"It is a worst case scenario, but Neil Barofsky, the inspector general for the Troubled Asset Relief Program, has said the bailouts, bank rescues and other economic lifelines could end up costing the federal government as much as $23.7 Trillion. To put this number into perspective, it is nearly double the nation’s entire economic output for a year, more than the cost of all the wars the United States has ever fought combined and the most the federal government has spent on any single effort in American history. It is about $80,000 for every U.S. citizen.
Printing and borrowing $800 billion to hand over to the banks with no strings attached never seemed like a good idea. We wrote about it back in October of 2008 in this article.* And despite some 80% of Americans being against the bailouts, our elected officials decided to hand over taxpayer money to their banker buddies anyway. Many of the banks that got federal aid to support increased lending have instead used some of the money to make investments, repay debts or buy other banks. It is not clear whether the report will also disclose the banks’ use of the bailout money to pay executives fat bonuses which they used to buy gold toilets and prostitutes, and to lobby Congress to stop any meaningful reform.”

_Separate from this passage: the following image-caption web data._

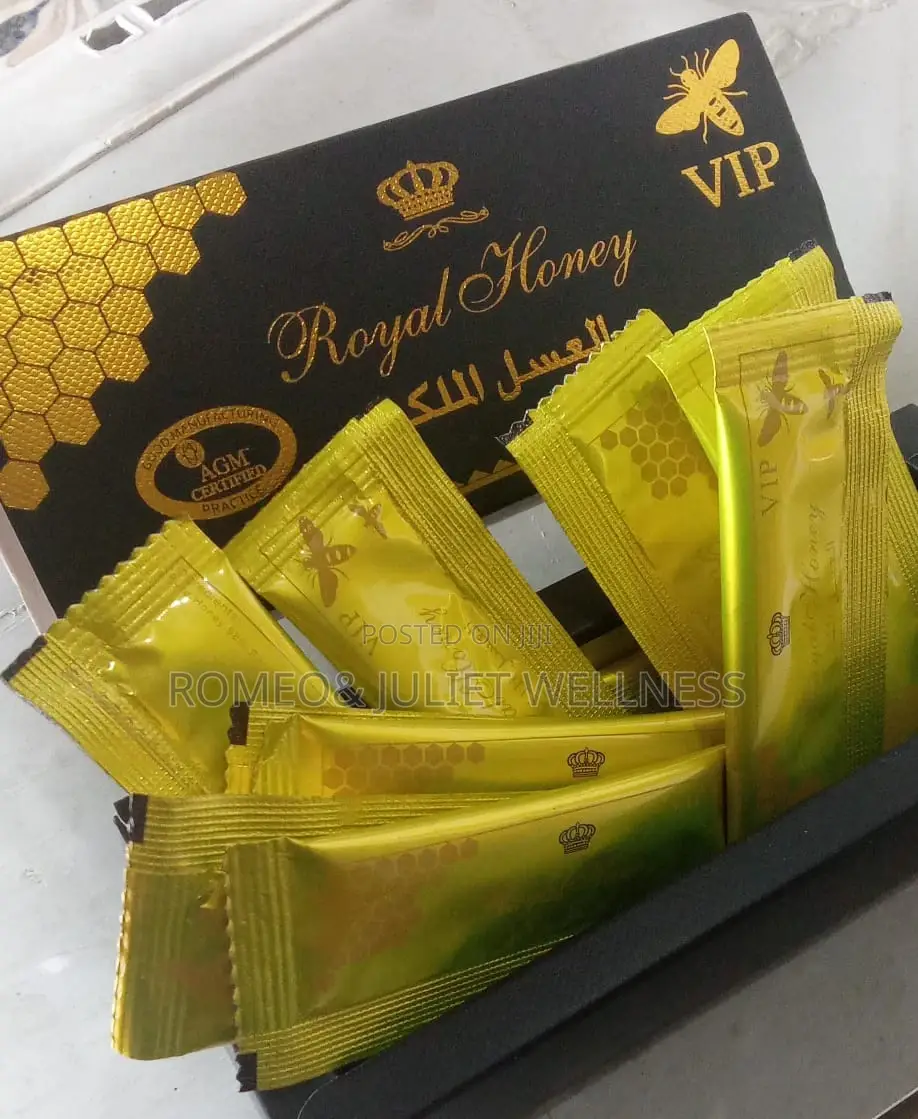 Vip Honey Jelly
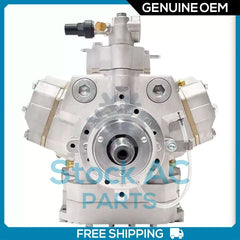 NEW OEM BITZER A/C COMPRESSOR 6TFCY  BUS APPLICATION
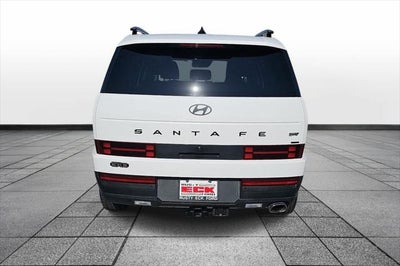 2024 Hyundai Santa Fe XRT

It is infuriating and does not bode well for the U.S. dollar or our economic future. There is a point on the horizon when foreign governments and banks are going to stop buying our debt and holding our dollars. First we had news that the 2009 deficit had already topped $1 Trillion for the first time in history. As if that wasn’t bad enough, the sticker shock from this latest estimate is really going to upset some of our Eastern trading partners.
A figure like $24 Trillion just might be the breaking point for an already furious Chinese administration that has thus far been willing to support the dollar and our government’s spending binge for fear of losing American consumer demand. The tipping point comes when it is no longer worthwhile for China, Japan and others to continue financing America and propping up our sick economy. While I used to believe that point was still a few years away, it now seems to be rushing upon us full throttle. When the dollar collapse begins, I expect the drop to be fast and furious. Savvy people will want to be positioned well before the bottom falls out."